Kichanova supports her case by apparently misstating research by some Swiss economists, according to whom a person with an hour commute to work has to earn 40 per cent more money to be as satisfied as someone who walks. An hour commute to work means two hours travelling per day – by any measure a different ballpark, which as a London commuter would mean living virtually out in the Home Counties.

Having misidentified the issue, the ASI’s solution is to allow the construction of so-called micro-homes, which in the UK refers to homes with less than the nationally-mandated minimum 37m2 of floor space. Anticipating criticism, the report disparages “emotionally charged epithets like ‘rabbit holes’ and ‘shoeboxes,” in the very same paragraph which describes commuting as “spending two hours a day in a packed train with barely enough air to breath”.


The report suggests browsing Dezeen’s examples of designer micro-flats in order to rid oneself of the preconception that tiny flats need mean horrible rabbit hutches. It uses weasel words – “it largely depends on design whether a flat looks like a decent place to live in” – to escape the obvious criticism that, nice-looking or not, tiny flats are few people’s ideal of decent living. An essay in the New York Times by a dweller of a micro-flat describes the tyranny of the humble laundry basket, which looms much larger than life because of its relative enormity in the author’s tiny flat; the smell of onion which lingers for weeks after cooking a single dish.

Labour London Assembly member Tom Copley has described being “appalled” after viewing a much-publicised scheme by development company U+I. In Hong Kong, already accustomed to some of the smallest micro-flats in the world, living spaces are shrinking further, leading Alice Wu to plead in an opinion column last year for the Hong Kong government to “regulate flat sizes for the sake of our mental health”.

Amusingly, the Dezeen page the ASI report urges a look at includes several examples directly contradicting its own argument. One micro-flat is 35 m2, barely under minimum space standards as they stand; another is named the Shoe Box, a title described by Dezeen as “apt”. So much for eliminating emotionally-charged epithets.

The ASI report readily admits that micro-housing is suitable only for a narrow segment of Londoners; it states that micro-housing will not become a mass phenomenon. But quite how the knock-on effects of a change in planning rules allowing for smaller flats will be managed, the report never makes clear. It is perfectly foreseeable that, rather than a niche phenomenon confined to Zone 1, these glorified student halls would become common for early-career professionals, as they have in Hong Kong, even well outside the CAZ.

There will always be a market for cheap flats, and many underpaid professionals would leap at the chance to save money on their rent, even if that doesn’t actually mean living more centrally. The reasoning implicit to the report is that young professionals would be willing to pay similar rents to normal-sized flats in Zones 2-4 in order to live in a smaller flat in Zone 1.

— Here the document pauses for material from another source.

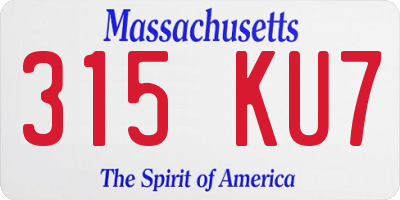 MA license plate 315KU7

But the danger is that developers’ response is simply to build smaller flats outside Zone 1, with rent levels which are lower per flat but higher per square metre than under existing rules. As any private renter in London knows, it’s hardly uncommon for landlords to bend the rules in order to squeeze as much profit as possible out of their renters.

The ASI should be commended for correctly diagnosing the issues facing young professionals in London, even if the solution of living in a room not much bigger than a bed is no solution. A race to the bottom is not a desirable outcome. But to its credit, I did learn something from the report: I never knew the S in ASI stood for “Slum”.